With the pictures left out, retype exactly the lines below starting at the line that contains "Neemrana'S - Bungalow" and ending at the line that contains "Downwind [Photo: Emily Harris]".

## SUPPLIED DATA:
■ ■ ■ ■
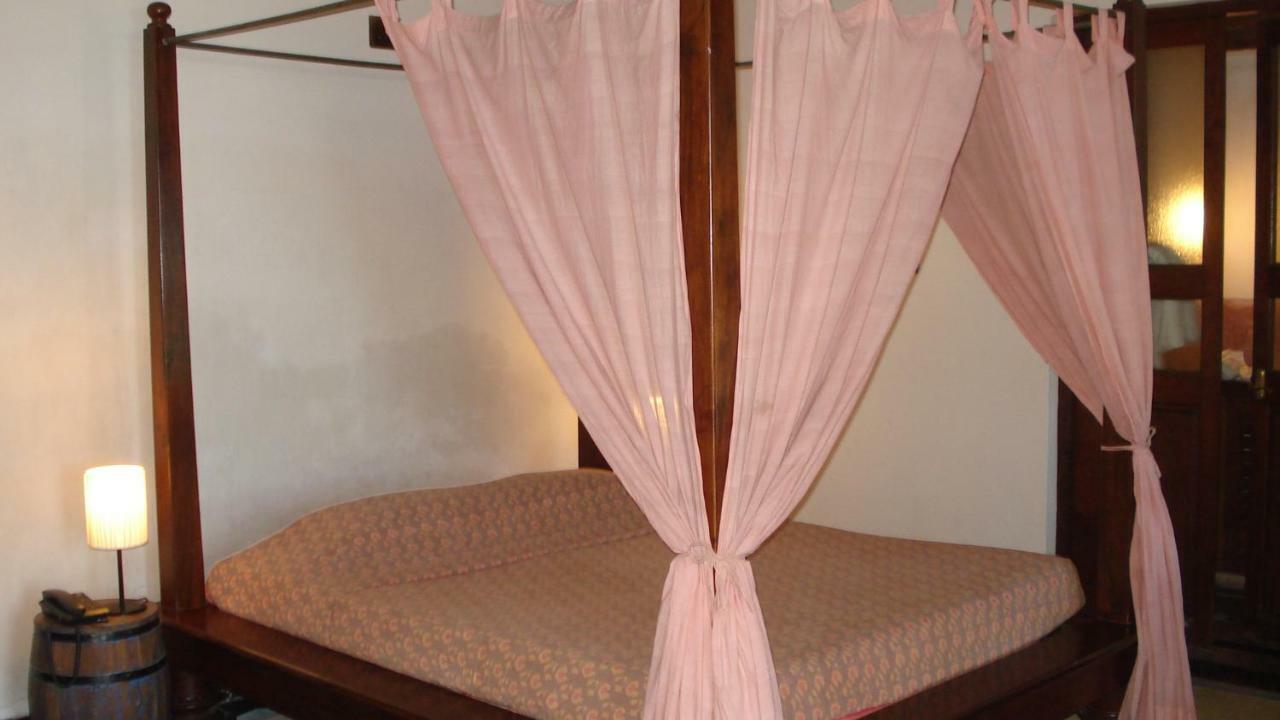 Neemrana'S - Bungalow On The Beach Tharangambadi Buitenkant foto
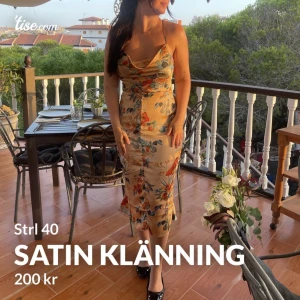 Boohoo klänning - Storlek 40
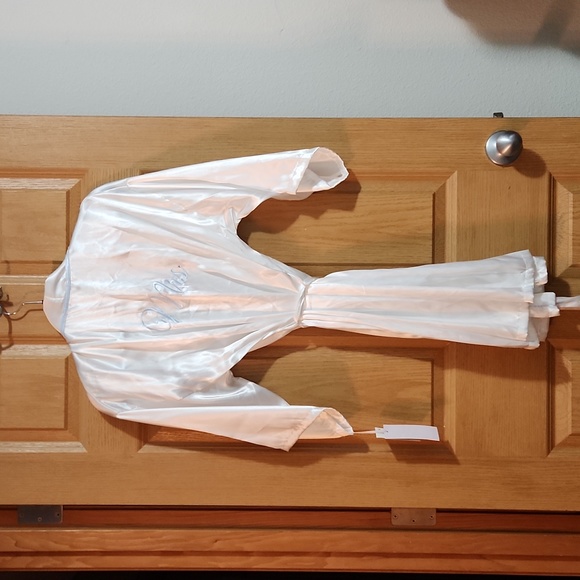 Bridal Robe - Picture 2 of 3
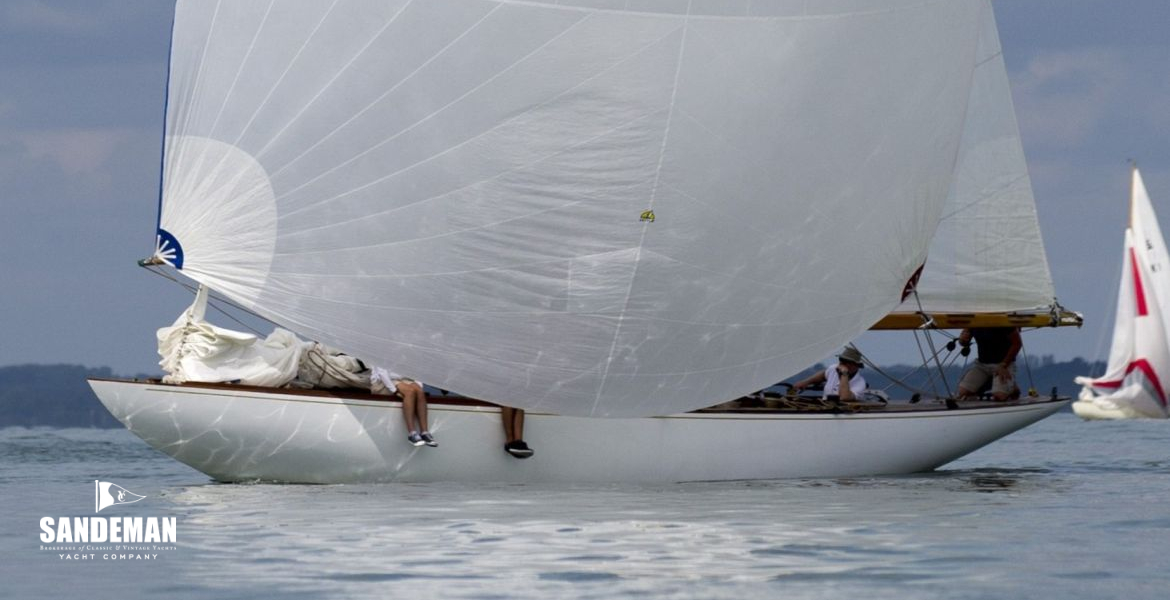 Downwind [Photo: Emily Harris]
■ ■ ■ ■
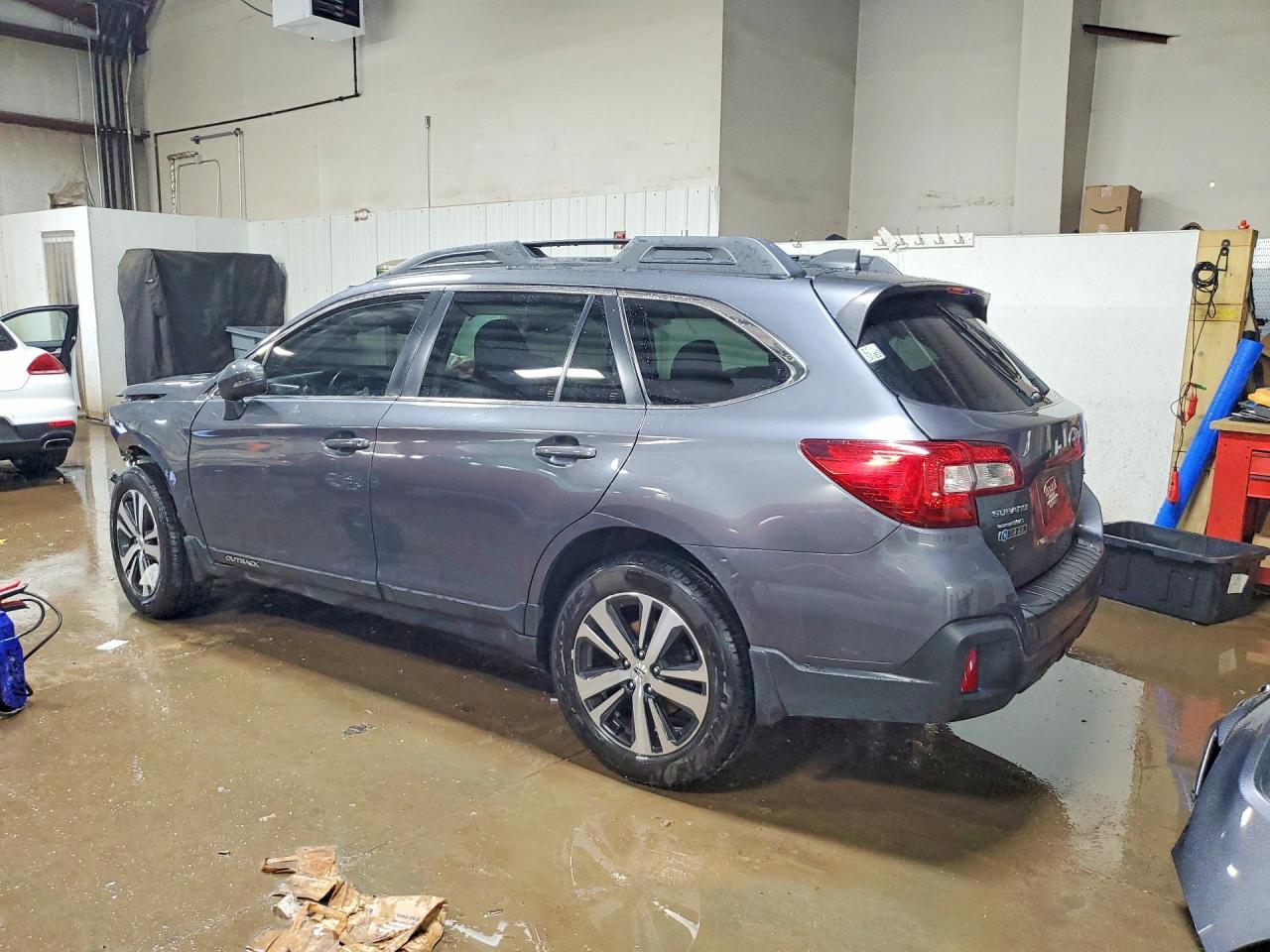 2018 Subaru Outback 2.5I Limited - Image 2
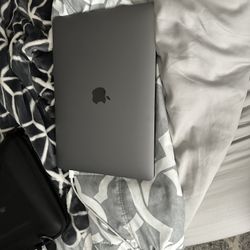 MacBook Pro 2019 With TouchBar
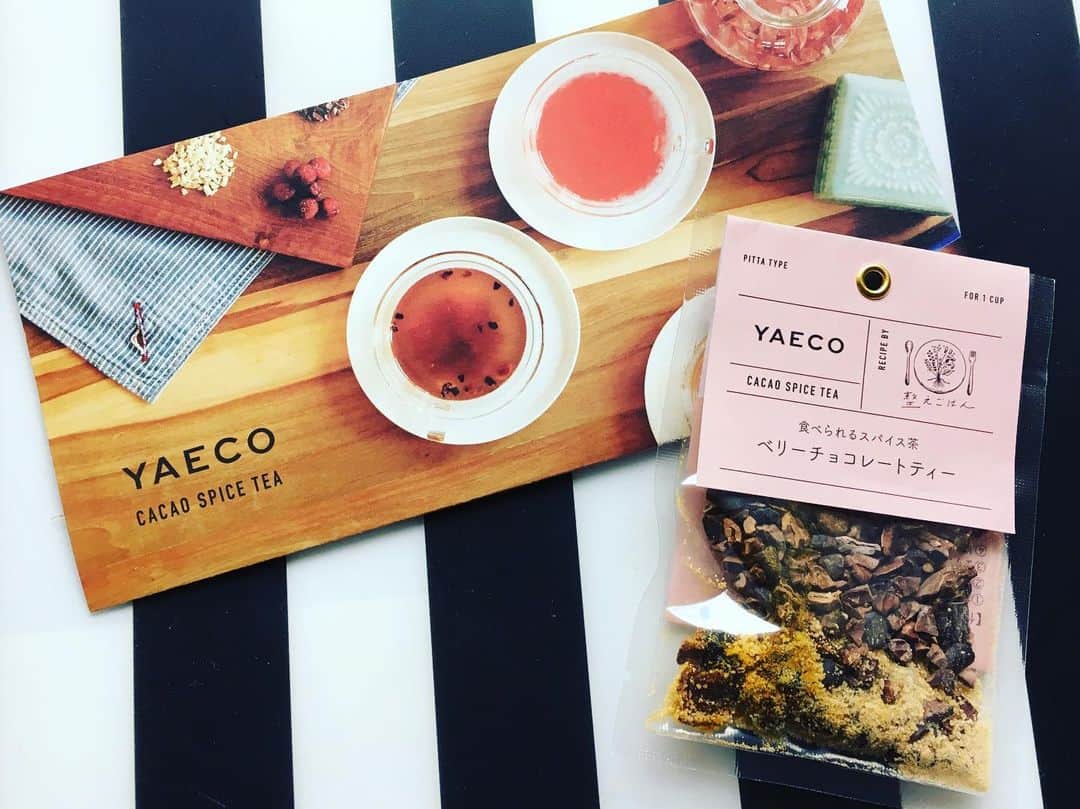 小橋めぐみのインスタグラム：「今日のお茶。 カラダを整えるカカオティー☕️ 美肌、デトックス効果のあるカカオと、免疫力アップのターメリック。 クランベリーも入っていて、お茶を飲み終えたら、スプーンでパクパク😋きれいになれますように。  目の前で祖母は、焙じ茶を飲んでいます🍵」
■ ■ ■ ■
## RESPONSE FOR THIS EXERCISE:
 Neemrana'S - Bungalow On The Beach Tharangambadi Buitenkant foto
 Boohoo klänning - Storlek 40
 Bridal Robe - Picture 2 of 3
 Downwind [Photo: Emily Harris]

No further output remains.